Stored items from a collection:
[Start of section]
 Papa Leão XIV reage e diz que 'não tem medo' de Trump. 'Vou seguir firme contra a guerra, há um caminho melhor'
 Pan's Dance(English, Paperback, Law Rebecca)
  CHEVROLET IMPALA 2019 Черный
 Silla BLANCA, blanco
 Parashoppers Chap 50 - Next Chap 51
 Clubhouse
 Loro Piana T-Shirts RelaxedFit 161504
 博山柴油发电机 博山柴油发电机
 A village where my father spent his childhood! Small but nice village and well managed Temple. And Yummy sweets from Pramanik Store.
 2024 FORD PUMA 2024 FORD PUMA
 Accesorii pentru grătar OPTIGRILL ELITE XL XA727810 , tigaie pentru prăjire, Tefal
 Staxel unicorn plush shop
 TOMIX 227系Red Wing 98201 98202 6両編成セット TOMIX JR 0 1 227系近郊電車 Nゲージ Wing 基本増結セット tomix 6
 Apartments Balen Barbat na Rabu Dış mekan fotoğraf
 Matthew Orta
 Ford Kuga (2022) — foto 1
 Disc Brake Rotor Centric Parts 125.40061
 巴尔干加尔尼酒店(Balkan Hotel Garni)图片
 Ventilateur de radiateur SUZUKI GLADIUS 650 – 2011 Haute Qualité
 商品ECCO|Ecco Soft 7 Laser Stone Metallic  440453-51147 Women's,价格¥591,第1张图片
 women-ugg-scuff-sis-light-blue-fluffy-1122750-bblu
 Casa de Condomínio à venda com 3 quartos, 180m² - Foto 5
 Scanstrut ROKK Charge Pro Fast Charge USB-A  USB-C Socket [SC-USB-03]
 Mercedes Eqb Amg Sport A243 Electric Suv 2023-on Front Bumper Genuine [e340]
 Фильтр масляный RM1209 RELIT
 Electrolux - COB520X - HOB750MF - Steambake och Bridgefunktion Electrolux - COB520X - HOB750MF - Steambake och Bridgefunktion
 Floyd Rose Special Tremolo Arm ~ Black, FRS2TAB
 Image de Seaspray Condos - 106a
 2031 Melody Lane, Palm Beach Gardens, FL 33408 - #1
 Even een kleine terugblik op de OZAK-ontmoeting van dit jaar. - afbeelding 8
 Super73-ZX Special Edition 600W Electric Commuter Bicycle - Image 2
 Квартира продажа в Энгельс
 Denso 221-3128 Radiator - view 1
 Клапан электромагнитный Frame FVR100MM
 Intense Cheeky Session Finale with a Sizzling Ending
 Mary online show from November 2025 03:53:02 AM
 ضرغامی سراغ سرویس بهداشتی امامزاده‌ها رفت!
[End of section]
• [Required action]: Among the lines above, repeat exactly those from the line with "Disc Brake Rotor Centric Parts 125.40061" to the line with "Casa de Condomínio", counting both ends.

• [Exercise answer]:
 Disc Brake Rotor Centric Parts 125.40061
 巴尔干加尔尼酒店(Balkan Hotel Garni)图片
 Ventilateur de radiateur SUZUKI GLADIUS 650 – 2011 Haute Qualité
 商品ECCO|Ecco Soft 7 Laser Stone Metallic  440453-51147 Women's,价格¥591,第1张图片
 women-ugg-scuff-sis-light-blue-fluffy-1122750-bblu
 Casa de Condomínio à venda com 3 quartos, 180m² - Foto 5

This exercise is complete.